Organized crime

Mocro Maffia, the Dutch mafia shedding blood on Amsterdam's streets

This organization is the main suspect in the shooting of journalist Peter R. de Vries

Dutch journalist Peter R. de Vries, during a conference last month
3 min

SabadellThe Dutch journalist Peter R. de Vries has been in a struggle between life-and-death since he was shot five times, including once in the head, on a street in central Amsterdam on Tuesday afternoon. Police are holding two suspects (including the perpetrator of the attack), but have not yet released their identities. In any case, all eyes are on the Mocro Maffia, a group of criminal organizations that base their business on drug trafficking (especially cocaine) and that in recent years had been the target of De Vries' journalistic investigations. These gangs, mainly made up of people of Moroccan origin, have their epicentre in the port of Rotterdam (through which they import the substances that they then distribute in Europe) and operate above all in the Netherlands and Belgium, but their tentacles reach Latin America and also the Costa del Sol, one of the traditional entry points for drugs in Europe.

At the head of the main Mocro Maffia clan, known as the Angels of Death is Ridouan Taghi, a man with dual Dutch and Moroccan nationality who, before his arrest in Dubai in 2019, was considered the most wanted criminal in the Netherlands. Taghi is on trial for his alleged involvement in 11 murders, including that of lawyer Derk Wiersum, who was shot in September 2019 as he was leaving his home in Amsterdam. Wiersum was the legal representative of Nabil B., a repentant member of the Mocro Maffia who had agreed to testify against Taghi and had thus become a key player in the trial. Two years earlier, Nabil B.'s brother, who had no links to organised crime, had also been shot in the head and killed.
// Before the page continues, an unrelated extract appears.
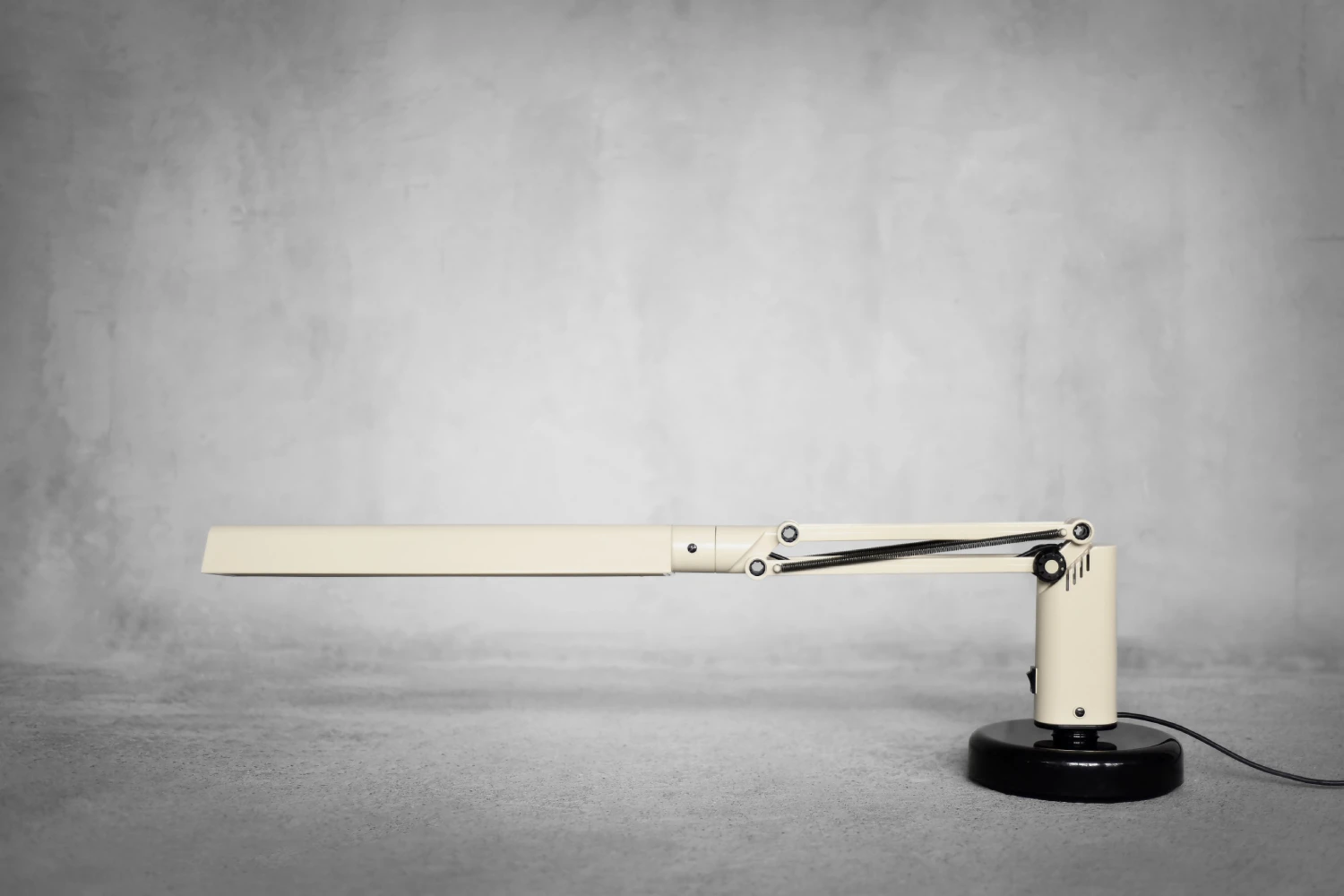 Vintage Mid-Century Scandianavian Modern Beige Plastic Lucifer Table Lamp by Tom Ahlström & Hans Ehrich for Fagerhults, 1975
De Vries also has a very close relationship with Nabil B.: he was his "person of trust", a legal figure aimed at advising a person during a judicial process and making him a spokesperson. In 2019, the journalist had revealed that his name appeared on Taghi's blacklist as a person to be eliminated, even though the alleged criminal denied it. "I am not afraid, but Nabil's brother and his former lawyer were killed, so it is better not to get hysterical thinking that something could happen. It's part of the job", De Vries told the Dutch magazine Vrij Nederland.

More than one hundred victims

The Mocro Maffia (named by Dutch writer Marijn Schrijver in a book of the same name about these gangs published in 2014) began operating during the 1990s, but it was from 2012 that it consolidated its power. That year, the theft of a shipment of 200 kilos of cocaine in the Belgian port of Antwerp was the origin of a confrontation between gangs that spilt blood in Amsterdam and other Dutch cities and did not decrease in intensity until 2017, when the Taghi's rise began. The death toll of this war (which crossed borders and even reached Barcelona, where there was a murder linked to the Mocro Maffia in July 2018) exceeds one hundred, and includes some innocent people who were killed by mistake. One of the most gruesome episodes of this battle was the appearance of a decapitated head outside a bar in central Amsterdam.
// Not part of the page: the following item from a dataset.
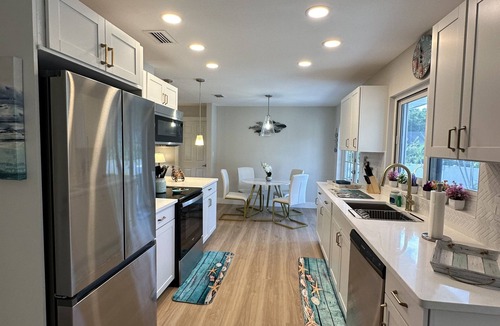 Whitfield House | Your Perfect Westcoast Vacation Getaway 12 guests, Pool, A beautiful deck!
The seriousness of the situation was reflected in a report that the Dutch National Police Union sent to the country's Congress in 2018 in which it warned that the Netherlands had "many traits of a narco-state". "Petty drug criminals are transformed into wealthy entrepreneurs in the hotel, real estate and recreational market. Drug trafficking is proliferating and with the current [police] forces only one in nine criminal groups in the sector can be arrested", the document said.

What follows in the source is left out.